Sempre Putin ha pronunciato ieri una vera invettiva contro i nemici interni (russi ed ucraini) che preferiscono l’Occidente alla Santa Madre Russia e che “tradiscono” quest’ultima per beni di consumo, “ostriche, foie gras e libertà di gender”. La coscienza laica occidentale, da tempo secolarizzata, non comprende più cosa possa indicare l’espressione “spazio spirituale” e considera irrazionali e sorpassati gli scontri culturali. Secondo i nostri schemi mentali contano solo gli interessi economici e gli scontri di potere o, al massimo, le ideologie.

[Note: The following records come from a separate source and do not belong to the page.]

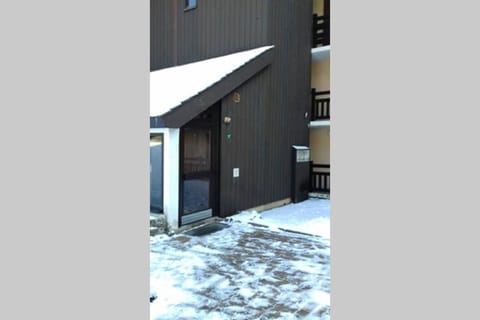 Petit studio mansardé 18 m2 avec piscine gratuite Apartment in Provence-Alpes-Côte d'Azur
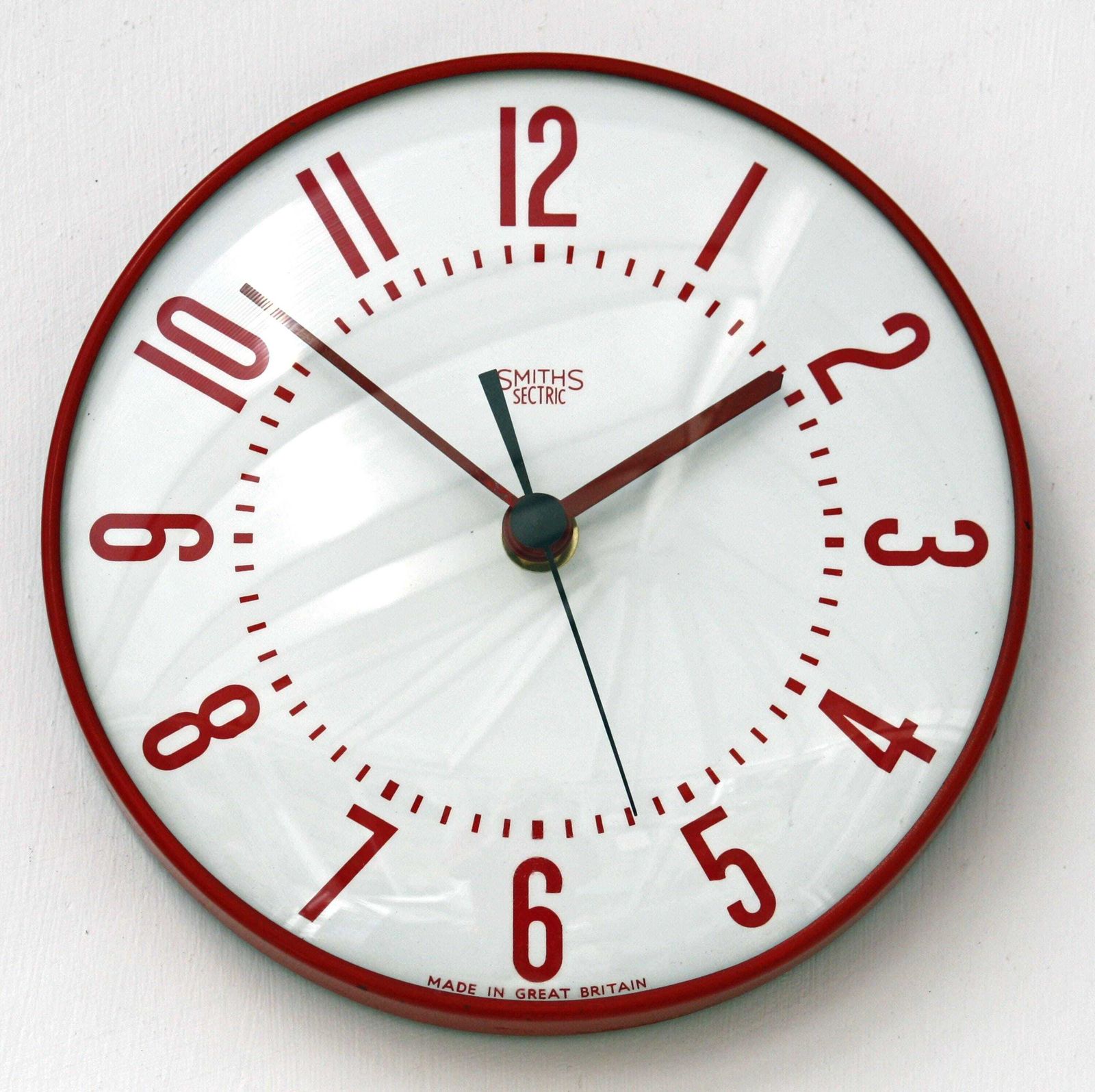 Vintage Smiths Wall Clock   18cm Red Retro Mid Century Clock Gift Kitchen Clock Off The Wall Clocks photo furniture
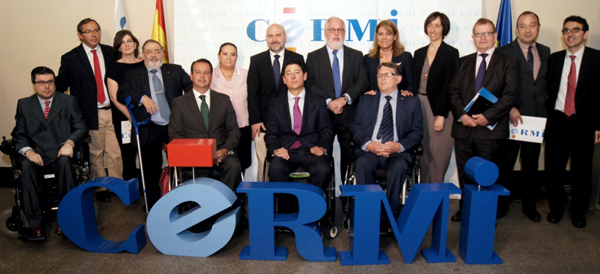El candidato del PP, Arias Cañete en el encuentro con el CERMI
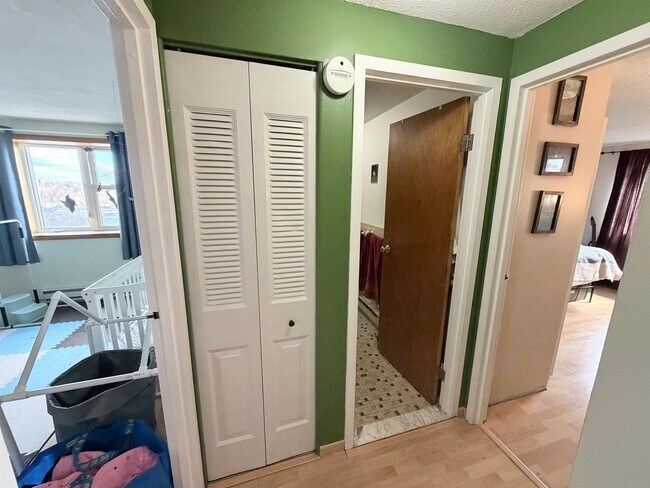 Photo - 94 Beacon St Unidad 58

Eppure, tutto lascia pensare che dietro le motivazioni geopolitiche, economiche, politiche e ideologiche possano nascondersi anche nella guerra russo-ucraina in corso motivazioni culturali e spirituali e che queste possano ancora spingere gli uomini, addirittura, a prendere le armi in loro nome. Un po’ come avvenne, fatte le debite differenze, nell’Europa delle guerre di religione del XVI e XVII secolo. È una tendenza che si è già manifestata con la ripresa dello scontro culturale tra Islam e Occidente degli ultimi decenni e nella stessa guerra in Jugoslavia dove molti si sono contrapposti anche in quanto ortodossi (serbi) cattolici (croati) e musulmani (bosniaci). In Ucraina sta andando in scena, accanto a un conflitto geopolitico e strategico (scatenato dalla possibile adesione alla Nato), una guerra culturale tra la tradizione russo-ortodossa e quella dell’Occidente secolarizzato, scristianizzato, consumista ed edonista; e in ultima analisi individualista. Il tradizionalismo russo percepisce queste tendenze come una aggressione culturale, una specie di “peste occidentale” portatrice di “nichilismo gaio”, di inversione dei valori, spaesamento e insensatezza. Esso percepisce, perciò, gli attuali dirigenti ucraini come blasfemi traditori, che stanno compiendo una secessione dalla mitica comunità originaria chiamata Santa Madre Russia che, tutto sommato, anche il bolscevismo aveva salvaguardato con il suo solidarismo sociale (anche se più presunto e declamato che reale).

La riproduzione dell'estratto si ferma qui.